Updated: Jan 12, 2023

This issue features

Big Dipper

© DMC Design



KB Ballentine


Axis of the Unknown


River birch limbs lean

against the window, night drowning

the view. When I step onto the porch

into a breath of stars,

the push and pull of the moon,

the bright and dark

of water call me.

Big Dipper above, I wish

I could name the other

planets, the other bodies that loop

this blue and green orb.

Does someone see the luminescence

from this world or must they wait

until we too have passed,

until this globe is hollowed

into a bowl then into a slice?

If the black hole in the middle

of the Milky Way draws our lives

into another reality, a different

knowledge, will we survive?

Rocks and mountains still form a barrier

around the seas inside this stellar death?

Will we continue from here

or begin again?

The constellations, the seasons –

even gravity in question.

Stones or stars: which path to choose?

A cloud of bats sweeps from some unknown corner,

separate, and feed. Echoes I can’t understand

vibrate the air. Wind shifts the branches,

the only sound I know.


Copyright © 2023 by KB Ballentine.




Three Rules for Being a Poet


Come as you are,

 full of compassion and curiosity.

Maybe not full but with some interest

 in minutiae and abstractions, a bit of knowing

that others need your voice. Even if you don’t

 care where they’re from, you find out

where they are going and – even better –

 help them find out why.


This world is thick with love and loss.

 You have your own and so does everyone

else. They may still be in that sweet

 place, roses and sunshine surging

their veins. Maybe their wounds fester

 or bleed, every unthinkable creeping

around their hearts. You must meet them

 where they are.


Decaying leaves and fractured bluebirds.

 The six-year-old skipping in her yard,

the teenager skidding out of the drive.

 Moon sliding above mountain ridges,

rain lashing your eyes.

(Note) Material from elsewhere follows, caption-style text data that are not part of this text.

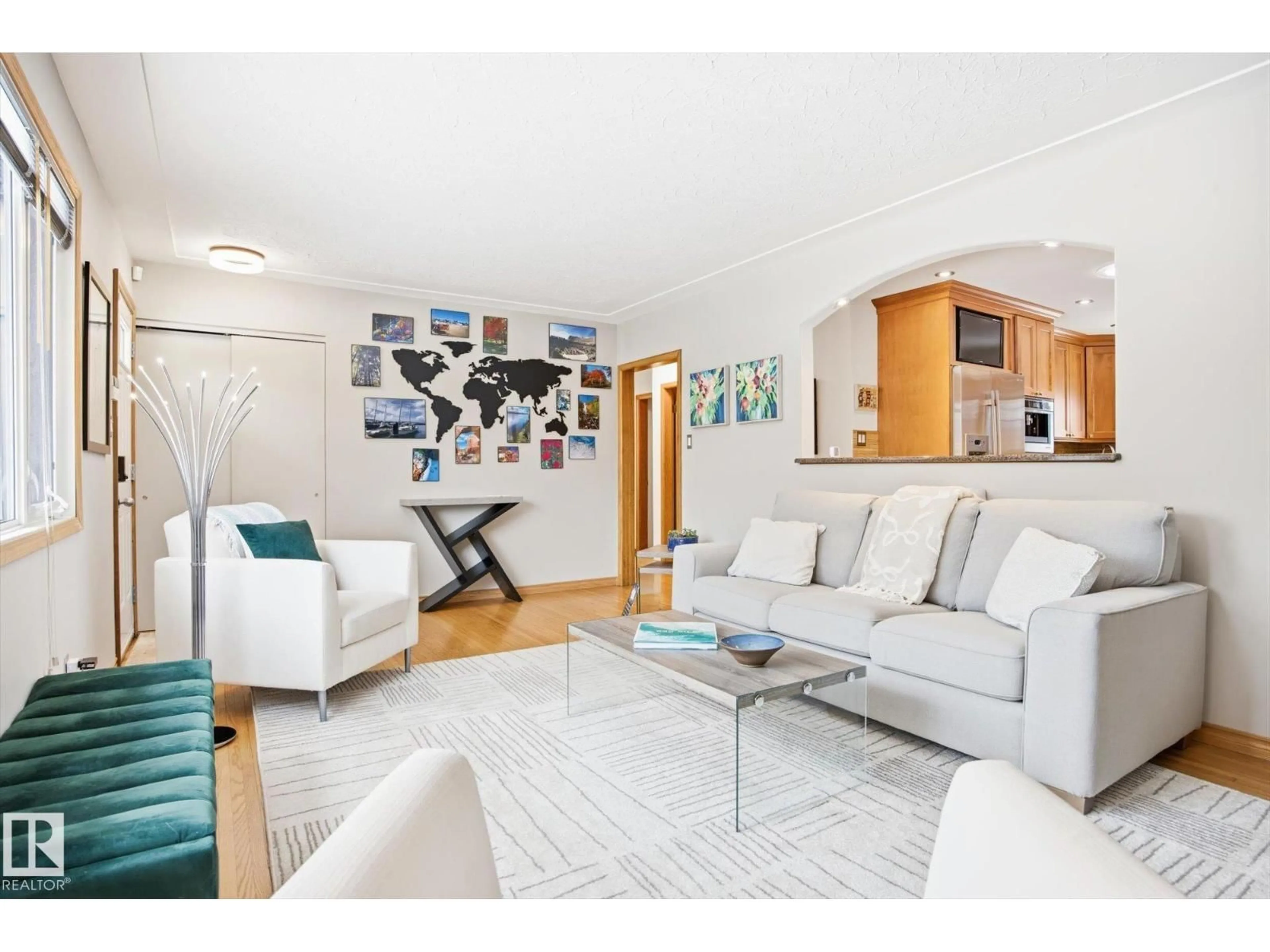 Living room with furniture, unknown for 10222 73 ST, Edmonton Alberta T6A2X1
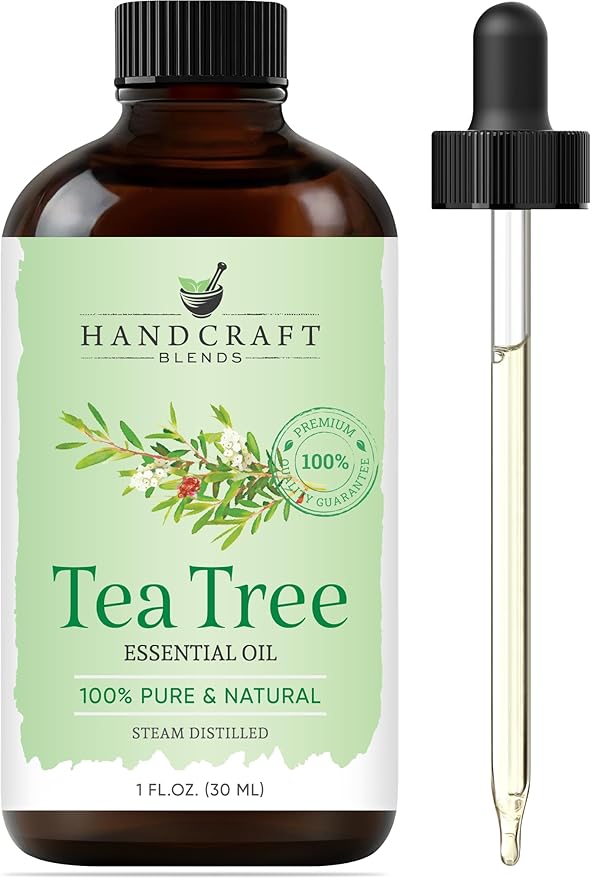 Handcraft Blends Tea Tree Essential Oil – 1 Fl Oz – 100% Pure and Natural – Premium Grade Essential Oil for Diffuser and Aromatherapy, Skin, Massage, Candle and Soap Making Fragrance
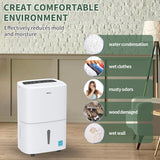 7,000 Sq.Ft Energy Star Dehumidifier with Pump and WIFI, Ideal for Large Industrial Rooms and Home Basements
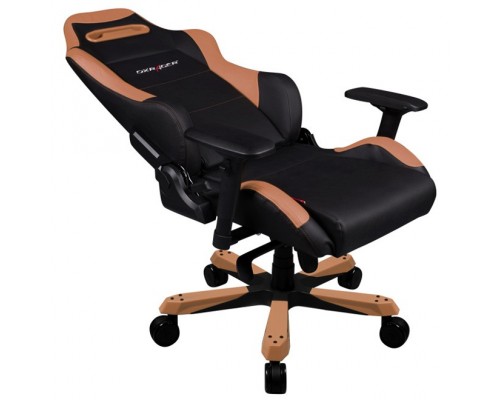 Игровое кресло DXRacer Iron OH/IS11/NC компьютерное, до 136 кг, кожа PU, металл, цвет  черный/коричневый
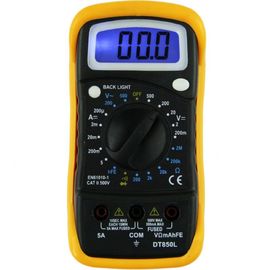 DT850L معداد متعدد الضوء الخلفي الصغير المزود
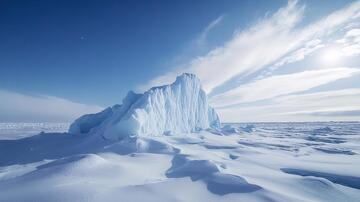 唯美冰雪冰雪世界背景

Cobwebs

 and brick walls. Her grandfather’s labored

breathing, your mother’s hand on your cheek.

Write it all.



Copyright © 2023 by KB Ballentine.




About the Author

KB Ballentine’s seventh collection, Edge of the Echo, was released May 2021 with Iris Press. Her earlier books can be found with Blue Light Press, Middle Creek Publishing, and Celtic Cat Publishing. Published in Atlanta Review and Haight-Ashbury Literary Journal, among others, her work also appears in anthologies including I Heard a Cardinal Sing (2022), The Strategic Poet (2021), and Pandemic Evolution (2021). KB loves to travel and practice sword fighting and Irish step dancing: those Scottish and Irish roots run deep! When not tucked in a corner reading or writing, she makes daily classroom appearances to her students. Visit: www.kbballentine.com


Janelle Finamore



Blue Cotton Candy


The day dissolves in my mouth like cotton candy finding it’s peaceful end


Hesitant to believe that this never-ending day would actually conclude


Trapped in a permanent wet tongue


Down slimy throat, intestinal shame

A life of toilet and drains and shit water!?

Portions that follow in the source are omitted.